HAHAHA... "CRUISE" a muscle car like that? Well, if stomping on the loud panel on a fairly regular basis and otherwise engaging in antics back in the day were considering "cruising", then yeah. Today, with the value of the car, yeah, it would be sedately cruised and proudly displayed at car shows, but highly doubtful if it would be made to perform as I am sure they were back then...LOL
I had two Barracuda over the years. My first was a Silver 1965 with the 273ci motor and the Borg-Warner T-10 transmission. Would love to have one today, just for the nostalgia. The other was a 1970 done up in Yellow Twist with the 340 Six Pack with the Pistol grip shifter. Liked the car, it was fast, but, the handling could have used a LOT of improvement.

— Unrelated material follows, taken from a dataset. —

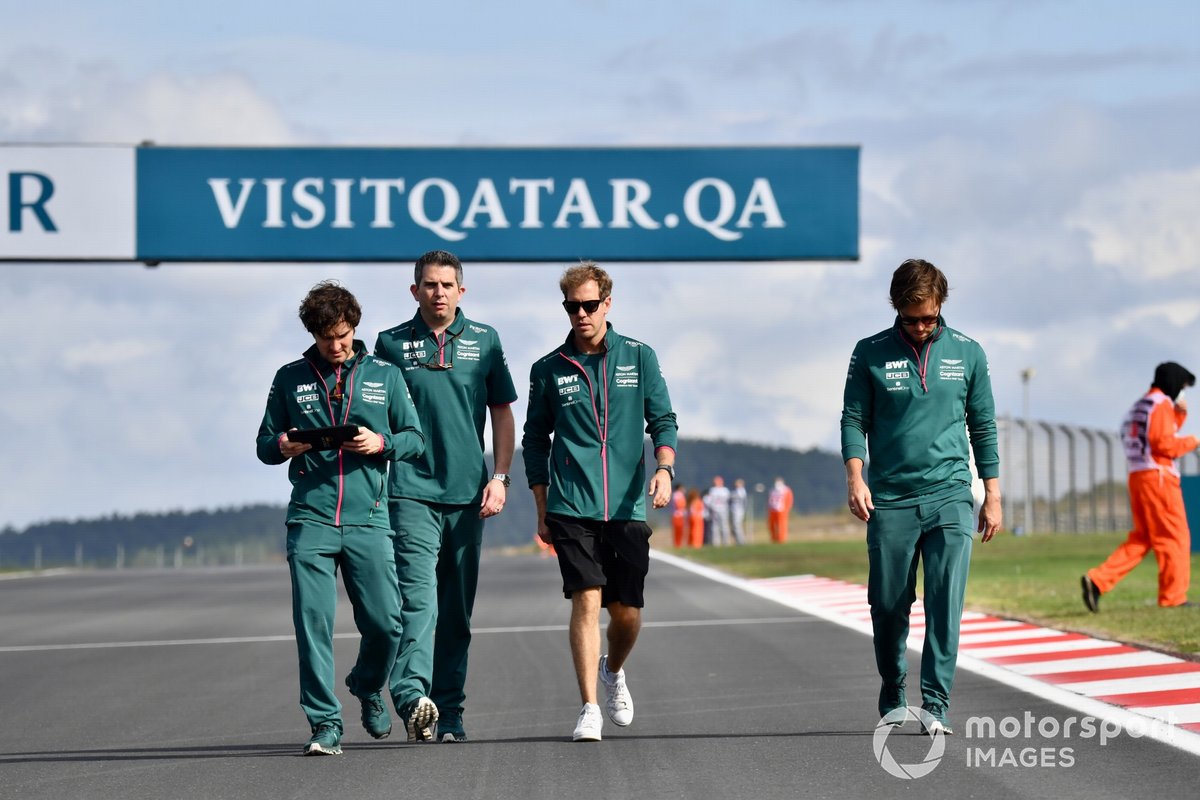 Sebastian Vettel, Aston Martin, walks the track with member so his team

This car, and the 1970 Chevelle SS LS6 convertible 4 speed are truly the two ultimate muscle cars of all time. Combining the hottest body styles of the era, AND a convertible, AND the most powerful engine produced by the factory, AND a 4 speed, I mean, there's really nothing more you could add to make it more interesting, popular, or valuable. This car will bring a "I usually just burn my money in the fireplace, but today I bought a car" price.
My convertible 1998 Trans Am with a LS motor and a 6 speed make a perfect cruiser for the sunny days . Power, mileage, reliability and looks . All at a affordable price , at least when I got it years ago .
Agree that the LS6 rag is the pinnacle of 'reg' production GM's similar to the Hemi Rags but that is where the similarities end. This car will eclipse the 3.5 Million recorded by the last 71 rag..... the big dog Chevelle isnt anywhere near these numbers.....
well, that's just peak muscle car, ain't it? although technically its a pony car, but any pony car with a big block, esp of this caliber, kinda crosses a few boundaries. I cannot begin to imagine how expensive this must have been to drive in France, but what a presence it must have had.
Crazy this car weighed a full thousand pounds more than the original pony car, the '65 Mustang. A full 40% more. Yet it's still called a pony car because it's wheelbase and length were about the same. Manufacturers thought they were making pony cars, but pony car buyers didn't think so. Muscle cruiser seems to be a fair description of what happened to this car class between '65 and '70+.
Not to be overly nit-picky, but E-body cars were available with a 6-way MANUALLY adjustable driver seat. Power assist was offered for brakes, steering and windows but the seat movement was powered by armstrong.